Thermal Boundary Resistance Reduction by Interfacial Nanopatterning for GaN-on-Diamond Electronics Applications.

GaN high electron mobility transistors (HEMTs) on SiC substrates are the highest performing commercially available transistors for high-power, high-frequency applications. However, Joule self-heating limits the maximum areal power density, i.e., operating power is derated to ensure the lifetime of GaN-based devices. Diamond is attractive as a heat sink due to its record-high thermal conductivity combined with its high electrical resistivity. GaN-on-diamond devices have been demonstrated, bringing the diamond as close as possible to the active device area. The GaN/diamond interface, close to the channel heat source, needs to efficiently conduct high heat fluxes, but it can present a significant thermal boundary resistance (TBR). In this work, we implement nanoscale trenches between GaN and diamond to explore new strategies for reducing the effective GaN/diamond TBR (TBR_eff). A 3× reduction in GaN/diamond TBR_eff was achieved using this approach, which is consistent with the increased contact area; thermal properties were measured using nanosecond transient thermoreflectance (ns-TTR).
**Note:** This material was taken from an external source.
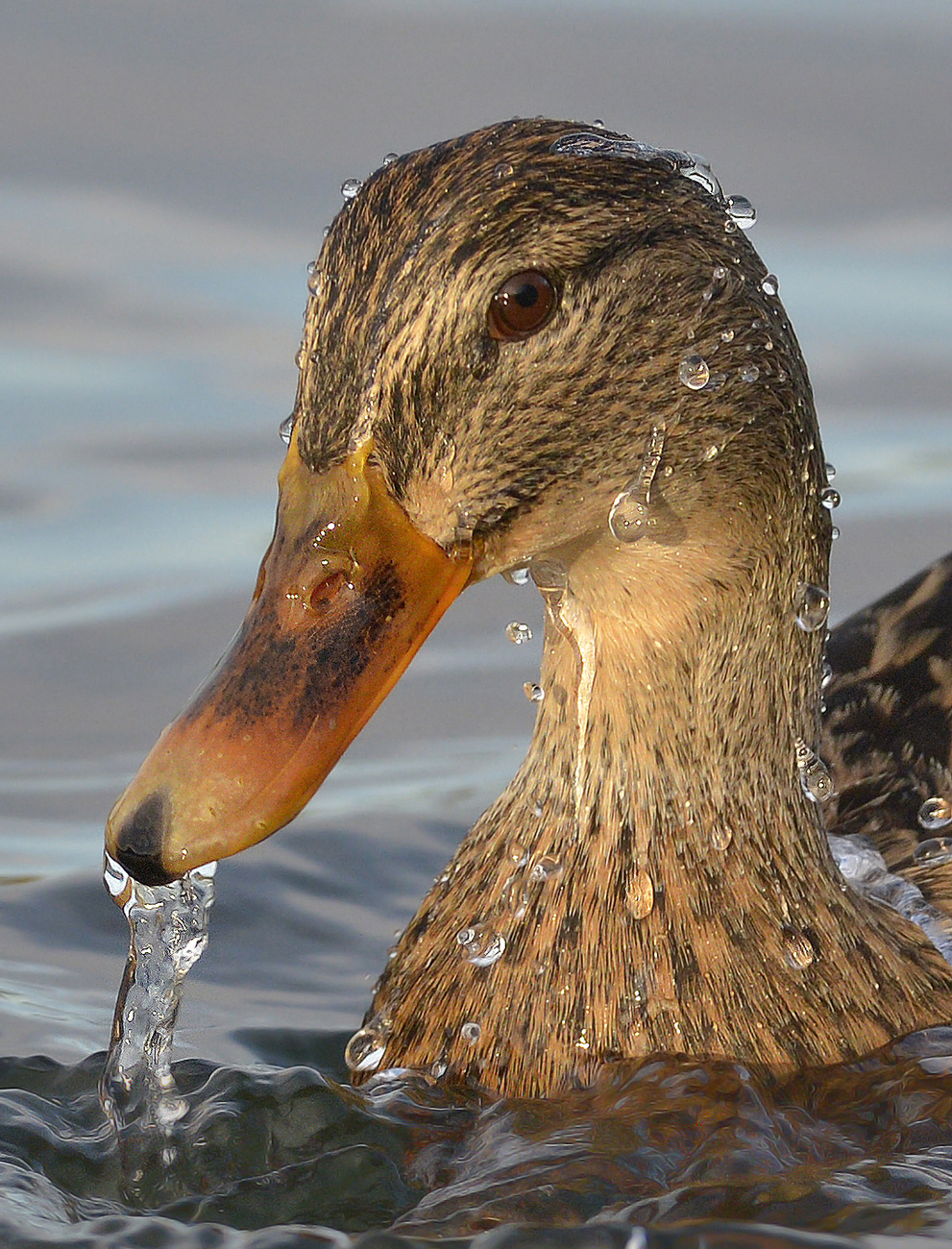 Primo piano di germano femmina. Laguna di Orbetello.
In addition, the SiN _x dielectric interlayer between the GaN and diamond increased its thermal conductivity by 2× through annealing, further reducing the TBR. This work demonstrates that the thermal resistance of heterogeneous interfaces can be optimized by nanostructured patterning and high-temperature annealing, which paves the way for enhanced thermal management in future device applications.